Problem details: Exactly as written, transcribe the data from its opening line through the line containing "Also, at the". Leave every picture out.

Saved entries:
================

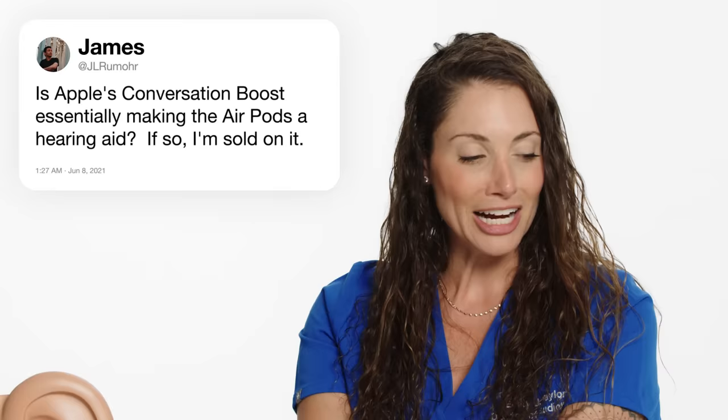Is Apple's conversation boost essentially making the AirPod a hearing aid? Apple does have this conversation boost feature. What it's doing is basically giving you a directional microphone so that you hear directly in front of you and cutting back on sound around you. Some reviews say it sounds a little unnatural because you're not sure how loud the background noise is. Other people find it really helpful — it can make speech in front of you a lot clearer and louder. If you find it helpful, go ahead and use it. There's no downside to it.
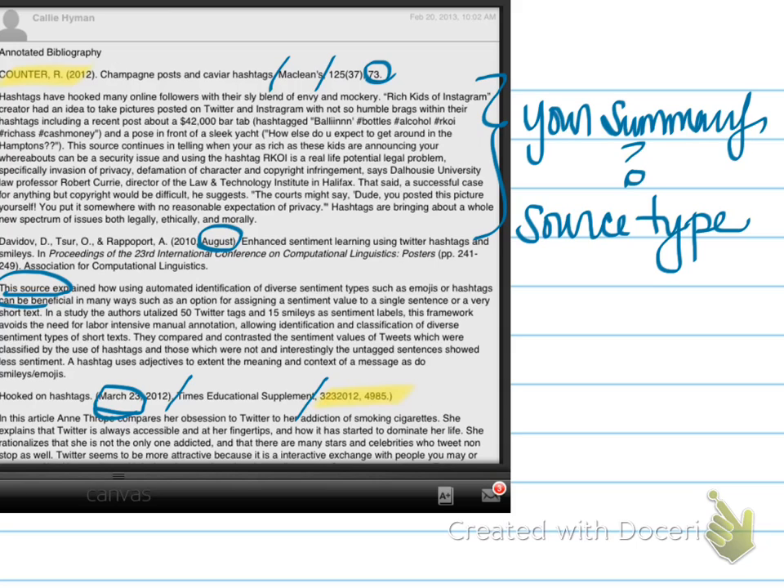Also, at the very end of 'Hooked on Hashtags,' I'm not really sure what those numbers are. Like, is it on page 4,985? I'm not clear on that at all. And then there's that little parentheses at the end — I don't know what's going on there. It looks like a typo, but I think it was generated by a search engine or a citation generator. So remember, you've got to fix that stuff.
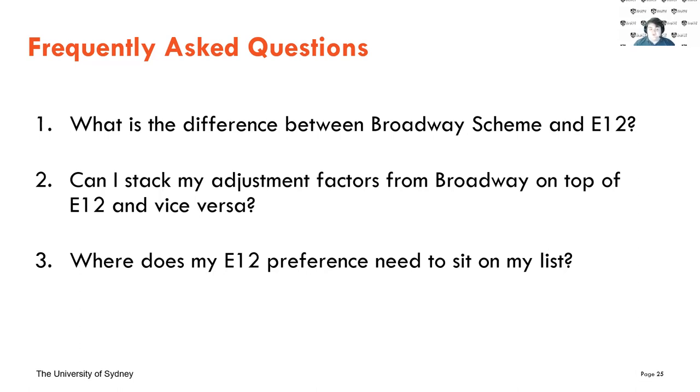If you do get adjustment factors from Broadway, unfortunately you can't use them alongside your E12. So if you meet that lower E12 ATAR, you're in. Otherwise, Broadway adjustment factors apply but you'll usually need a somewhat higher ATAR. E12 is the one we really recommend because it usually makes the threshold lower and also includes the scholarship. Your E12 preference needs to sit as the highest University of Sydney preference by 11:59 PM on the 19th of September. This can mean having a UNSW course listed as number one, with the University of Sydney course as number two — but if you have multiple University of Sydney courses, the one you're applying E12 for must be the highest among them.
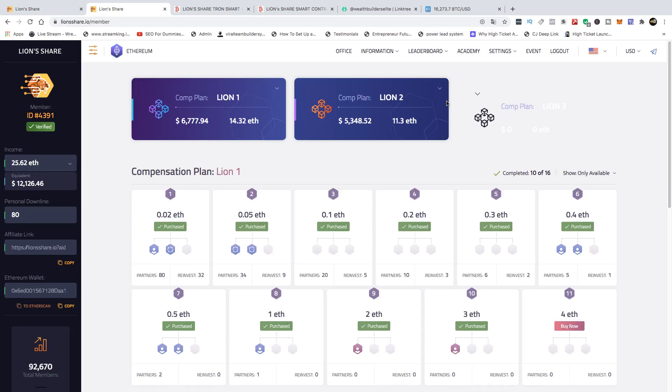Hello and welcome to another Wealth Builders Elite video, where we talk about how you can earn instant cryptocurrency with smart contracts. In this video, I'm going to let you know the reason why we won't be joining the L3 version of Lion Share Ethereum. As you can see, this is going to be launched soon.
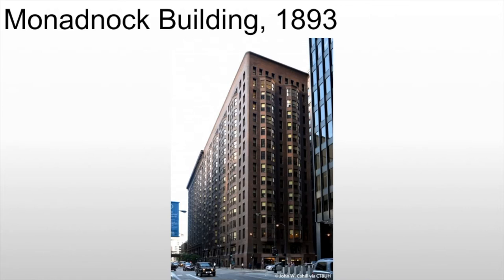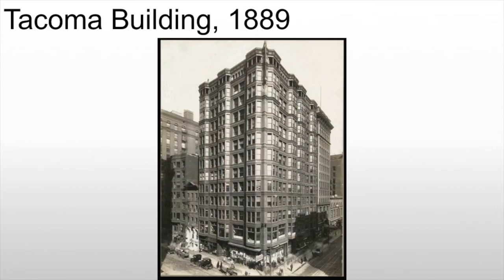The problem is that by the time you get to 10 stories and above, the building is incredibly heavy and it starts to sink — in this case due to that weight and settling. So what we see is they start to look for ways to lighten the load, which leads us to the Tacoma Building in about 1889.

================

Output for this exercise:
Is Apple's conversation boost essentially making the AirPod a hearing aid? Apple does have this conversation boost feature. What it's doing is basically giving you a directional microphone so that you hear directly in front of you and cutting back on sound around you. Some reviews say it sounds a little unnatural because you're not sure how loud the background noise is. Other people find it really helpful — it can make speech in front of you a lot clearer and louder. If you find it helpful, go ahead and use it. There's no downside to it.
Also, at the very end of 'Hooked on Hashtags,' I'm not really sure what those numbers are. Like, is it on page 4,985? I'm not clear on that at all. And then there's that little parentheses at the end — I don't know what's going on there. It looks like a typo, but I think it was generated by a search engine or a citation generator. So remember, you've got to fix that stuff.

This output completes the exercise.